Required action
The records are to be reproduced verbatim.

Source records
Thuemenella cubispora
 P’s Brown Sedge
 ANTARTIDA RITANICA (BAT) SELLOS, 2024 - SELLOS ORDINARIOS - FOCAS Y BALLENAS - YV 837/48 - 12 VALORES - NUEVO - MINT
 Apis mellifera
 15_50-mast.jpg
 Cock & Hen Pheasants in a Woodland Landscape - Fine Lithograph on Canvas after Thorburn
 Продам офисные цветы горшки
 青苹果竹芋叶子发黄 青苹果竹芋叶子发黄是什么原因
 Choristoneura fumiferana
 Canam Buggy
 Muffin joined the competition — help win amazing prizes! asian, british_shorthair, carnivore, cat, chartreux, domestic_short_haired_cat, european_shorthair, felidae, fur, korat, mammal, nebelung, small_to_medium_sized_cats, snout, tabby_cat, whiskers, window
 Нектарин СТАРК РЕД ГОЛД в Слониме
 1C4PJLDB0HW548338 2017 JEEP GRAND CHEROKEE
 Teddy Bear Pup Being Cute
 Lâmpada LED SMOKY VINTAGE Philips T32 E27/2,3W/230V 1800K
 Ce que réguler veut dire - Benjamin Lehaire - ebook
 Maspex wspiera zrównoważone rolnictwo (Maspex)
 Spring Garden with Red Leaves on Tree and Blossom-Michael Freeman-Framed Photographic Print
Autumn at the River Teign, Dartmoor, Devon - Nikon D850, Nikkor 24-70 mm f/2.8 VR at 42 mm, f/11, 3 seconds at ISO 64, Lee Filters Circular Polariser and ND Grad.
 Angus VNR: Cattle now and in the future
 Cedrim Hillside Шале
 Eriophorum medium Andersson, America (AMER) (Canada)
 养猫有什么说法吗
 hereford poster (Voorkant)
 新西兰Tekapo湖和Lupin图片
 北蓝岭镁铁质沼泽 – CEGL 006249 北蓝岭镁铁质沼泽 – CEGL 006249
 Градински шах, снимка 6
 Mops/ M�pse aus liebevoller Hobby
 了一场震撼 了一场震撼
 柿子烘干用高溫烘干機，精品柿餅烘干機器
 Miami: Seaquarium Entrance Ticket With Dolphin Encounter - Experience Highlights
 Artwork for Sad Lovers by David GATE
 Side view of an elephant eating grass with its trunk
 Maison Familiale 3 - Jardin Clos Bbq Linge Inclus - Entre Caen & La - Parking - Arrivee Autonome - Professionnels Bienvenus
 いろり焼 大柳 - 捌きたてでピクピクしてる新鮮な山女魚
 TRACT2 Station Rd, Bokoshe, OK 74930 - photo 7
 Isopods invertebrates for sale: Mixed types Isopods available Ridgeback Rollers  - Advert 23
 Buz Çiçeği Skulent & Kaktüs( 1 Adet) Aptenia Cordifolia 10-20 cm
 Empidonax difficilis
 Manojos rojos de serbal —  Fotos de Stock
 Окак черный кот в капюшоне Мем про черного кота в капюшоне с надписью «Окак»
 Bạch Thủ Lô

Answer to this problem
Thuemenella cubispora
 P’s Brown Sedge
 ANTARTIDA RITANICA (BAT) SELLOS, 2024 - SELLOS ORDINARIOS - FOCAS Y BALLENAS - YV 837/48 - 12 VALORES - NUEVO - MINT
 Apis mellifera
 15_50-mast.jpg
 Cock & Hen Pheasants in a Woodland Landscape - Fine Lithograph on Canvas after Thorburn
 Продам офисные цветы горшки
 青苹果竹芋叶子发黄 青苹果竹芋叶子发黄是什么原因
 Choristoneura fumiferana
 Canam Buggy
 Muffin joined the competition — help win amazing prizes! asian, british_shorthair, carnivore, cat, chartreux, domestic_short_haired_cat, european_shorthair, felidae, fur, korat, mammal, nebelung, small_to_medium_sized_cats, snout, tabby_cat, whiskers, window
 Нектарин СТАРК РЕД ГОЛД в Слониме
 1C4PJLDB0HW548338 2017 JEEP GRAND CHEROKEE
 Teddy Bear Pup Being Cute
 Lâmpada LED SMOKY VINTAGE Philips T32 E27/2,3W/230V 1800K
 Ce que réguler veut dire - Benjamin Lehaire - ebook
 Maspex wspiera zrównoważone rolnictwo (Maspex)
 Spring Garden with Red Leaves on Tree and Blossom-Michael Freeman-Framed Photographic Print
Autumn at the River Teign, Dartmoor, Devon - Nikon D850, Nikkor 24-70 mm f/2.8 VR at 42 mm, f/11, 3 seconds at ISO 64, Lee Filters Circular Polariser and ND Grad.
 Angus VNR: Cattle now and in the future
 Cedrim Hillside Шале
 Eriophorum medium Andersson, America (AMER) (Canada)
 养猫有什么说法吗
 hereford poster (Voorkant)
 新西兰Tekapo湖和Lupin图片
 北蓝岭镁铁质沼泽 – CEGL 006249 北蓝岭镁铁质沼泽 – CEGL 006249
 Градински шах, снимка 6
 Mops/ M�pse aus liebevoller Hobby
 了一场震撼 了一场震撼
 柿子烘干用高溫烘干機，精品柿餅烘干機器
 Miami: Seaquarium Entrance Ticket With Dolphin Encounter - Experience Highlights
 Artwork for Sad Lovers by David GATE
 Side view of an elephant eating grass with its trunk
 Maison Familiale 3 - Jardin Clos Bbq Linge Inclus - Entre Caen & La - Parking - Arrivee Autonome - Professionnels Bienvenus
 いろり焼 大柳 - 捌きたてでピクピクしてる新鮮な山女魚
 TRACT2 Station Rd, Bokoshe, OK 74930 - photo 7
 Isopods invertebrates for sale: Mixed types Isopods available Ridgeback Rollers  - Advert 23
 Buz Çiçeği Skulent & Kaktüs( 1 Adet) Aptenia Cordifolia 10-20 cm
 Empidonax difficilis
 Manojos rojos de serbal —  Fotos de Stock
 Окак черный кот в капюшоне Мем про черного кота в капюшоне с надписью «Окак»
 Bạch Thủ Lô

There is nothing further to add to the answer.